CSV API
Note
- This API wraps CSV reader under the hood.
- Read CSV and Write as CSV to HDFS.
Create hive table
CREATE external TABLE `pcatalog.sample_csv`(
`payload` string)
LOCATION '/user/LOCATION/csv_data11/csv12'
TBLPROPERTIES (
'gimel.storage.type'='HDFS',
'gimel.hdfs.data.format'='csv')
Catalog Properties
Property | Mandatory? | Description | Example | Default |
---|---|---|---|---|
gimel.hdfs.save.mode | N | Append - adds data to path Overwrite - Overwrites data in Path |
Append | Overwrite |
gimel.hdfs.csv.data.headerProvided | N | Whether API should infer header from data | true false |
true |
gimel.hdfs.data.format | Y | Property helps API infer whether to invoke CSV reader/writer | csv |
Common Imports
import com.paypal.gimel.DataSet
import org.apache.spark.sql._
Write to CSV
// Prepare Test Data
def stringed(n: Int) = s"""{"id": ${n}, "name": "MAC-${n}", "rev": ${n * 10000}}"""

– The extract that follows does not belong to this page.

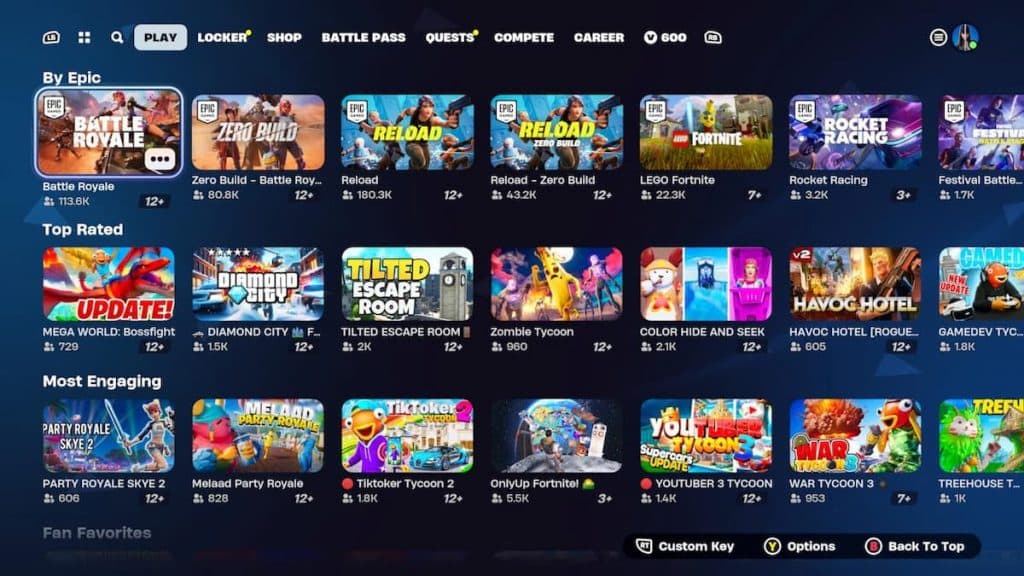 Fortnite Discover section with all modes.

val texts: Seq[String] = (1 to 100).map { x => stringed(x) }.toSeq
val rdd: RDD[String] = sparkSession.sparkContext.parallelize(texts)

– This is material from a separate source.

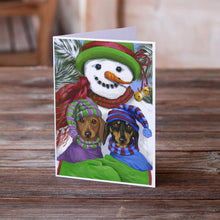 Load image into Gallery viewer, Dachshund Christmas Frosty and Company Greeting Cards -  Blank Note Cards – 8-Pack of Artist-Designed Cards with Envelopes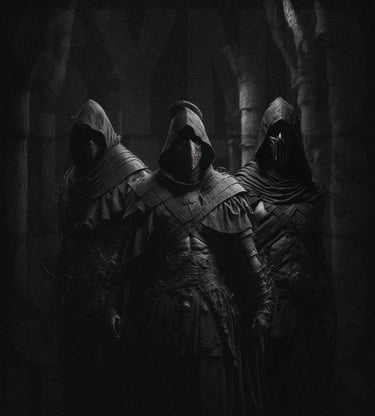 three men in black and white robes standing in a dark room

val df: DataFrame = sparkSession.read.json(rdd)
//Initiate DataSet
val dataset = com.paypal.gimel.DataSet(sparkSession)
//DataSet Name
val datasetName = "pcatalog.sample_csv"
///Options set by default
///pcatalog.hdfs.save.mode = Overwrite
///User can change the save mode by using Options
val options = Map(("gimel.hdfs.save.mode","Append"))
//write some data
dataset.write(datasetName,df,options)
Read from CSV
//Initiate DataSet
val dataset = com.paypal.gimel.DataSet(sparkSession)
//DataSet Name
val datasetName = "pcatalog.sample_csv"
///Options set by default
///pcatalog.csv.data.headerProvided = true
///User can set header to false by using Options
val options = Map(("gimel.hdfs.csv.data.headerProvided","false"))
//Read some data
dataset.read(datasetName,options)